Eye For Film >> Movies >> Smallville: Season Three (2003) Film Review
Smallville: Season Three
Reviewed by: Stephen Carty
Bigger, richer and altogether more stylish… but enough about Tom Welling’s hair, what’s year three of Smallville like? Well, following on from last time’s excellent two-part finale, we get a just-as-excellent two-part season opener. Dark, eventful in a good way and full of great fanboy moments (Clark in a phonebox ripping his shirt open springs to mind), the first few instalments set the scene for a third series that’s every bit as good as its predecessor.
Returning home, Clark (Welling) feels more isolated than ever as he distances himself from Lana (Kreuk) while trying to escape his destiny. As for Lex (Rosenbaum), though his father (Glover) suggests that they run Luthorcorp together, he’s held back by some psychological problems which bring back repressed memories. Elsewhere, Pete (Jones III) feels the weight of Clark's secret, Chloe (Mack) tries to escape Lionel’s clutches and the Kents (Scheider, O'Toole) deal with the consequences of the deal with Jor-El (Stamp, voice)…

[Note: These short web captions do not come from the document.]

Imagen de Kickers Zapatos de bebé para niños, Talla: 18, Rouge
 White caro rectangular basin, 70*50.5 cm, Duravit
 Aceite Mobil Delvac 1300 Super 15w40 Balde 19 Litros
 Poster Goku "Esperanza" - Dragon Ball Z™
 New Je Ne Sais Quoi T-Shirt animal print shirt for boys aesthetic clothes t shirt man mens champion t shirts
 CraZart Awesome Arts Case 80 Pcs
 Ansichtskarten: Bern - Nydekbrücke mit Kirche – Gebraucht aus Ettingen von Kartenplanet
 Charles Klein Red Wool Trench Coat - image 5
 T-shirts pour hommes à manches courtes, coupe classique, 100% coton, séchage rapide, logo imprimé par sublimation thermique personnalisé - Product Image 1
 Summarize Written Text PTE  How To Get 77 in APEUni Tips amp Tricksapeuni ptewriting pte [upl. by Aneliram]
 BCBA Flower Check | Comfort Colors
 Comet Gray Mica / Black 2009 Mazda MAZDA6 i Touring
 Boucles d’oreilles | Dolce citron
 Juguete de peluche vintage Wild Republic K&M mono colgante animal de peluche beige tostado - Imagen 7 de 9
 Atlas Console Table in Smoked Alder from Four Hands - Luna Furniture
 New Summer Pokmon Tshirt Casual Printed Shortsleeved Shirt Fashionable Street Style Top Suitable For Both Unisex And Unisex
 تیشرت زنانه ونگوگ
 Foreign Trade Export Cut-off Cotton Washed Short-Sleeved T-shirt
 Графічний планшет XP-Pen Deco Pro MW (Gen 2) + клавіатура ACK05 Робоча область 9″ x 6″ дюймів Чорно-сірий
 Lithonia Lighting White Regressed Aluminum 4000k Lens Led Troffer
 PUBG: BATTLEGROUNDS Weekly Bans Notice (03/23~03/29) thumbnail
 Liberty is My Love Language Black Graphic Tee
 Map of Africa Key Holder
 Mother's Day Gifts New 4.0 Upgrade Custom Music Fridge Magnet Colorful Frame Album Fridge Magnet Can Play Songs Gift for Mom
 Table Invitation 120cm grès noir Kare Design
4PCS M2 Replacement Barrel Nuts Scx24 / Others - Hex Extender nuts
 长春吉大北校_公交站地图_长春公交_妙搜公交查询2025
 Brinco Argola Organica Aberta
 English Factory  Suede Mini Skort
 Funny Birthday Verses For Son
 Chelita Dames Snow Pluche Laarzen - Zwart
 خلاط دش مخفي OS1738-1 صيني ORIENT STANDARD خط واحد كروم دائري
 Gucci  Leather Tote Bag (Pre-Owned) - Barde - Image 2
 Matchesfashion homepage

Sadly, the season remains mired by Kryptofreaks and standalone episodes that push the reset button at the end of each week. Pete drag racing, a girl trapped asleep, a magnetic boy with (sigh) a fixation on Lana… and so on. Sometimes the odd silly idea provides great moments (seeing that red cape in Hereafter, Lionel’s chilling confession to Chloe in Truth), but on the whole there are too many episodes that feel like leftover Buffy.
Still, the production values are impressive as ever and the cast (particularly Welling) continue to elevate even the strangest material. And, even when things get a bit OTT, the Luthors' power-struggle is constantly good value while the Kents (spot on as ever) are always on hand to deliver that human touch. Best of all though is Glover’s appear-behind-you Lionel Luthor who gets more nefarious by the minute. Don’t agree? Just check out the jaw-dropping opera-assisted final minute…
In terms of season highlights, there are plenty. We’ve got one of the series' best instalments thus far with Memoria (Rosenbaum on top cathartic form). Then there’s the Jeph Loeb-written Christopher Reeve-starring episode Legacy (you’ll believe a man can elevate a show by appearing in two scenes). As far as the geekboys are concerned though, the pinnacle may be the near-perfect hour-long introduction of future boss Perry White (“He’s hiding something Chief”… “Don’t call me Chief!”). Throw into the mix Clark developing his hearing ability, some consistently enthralling arcs and Rutger Hauer as Metropolis Crime boss Morgan Edge and you have yourselves some super material.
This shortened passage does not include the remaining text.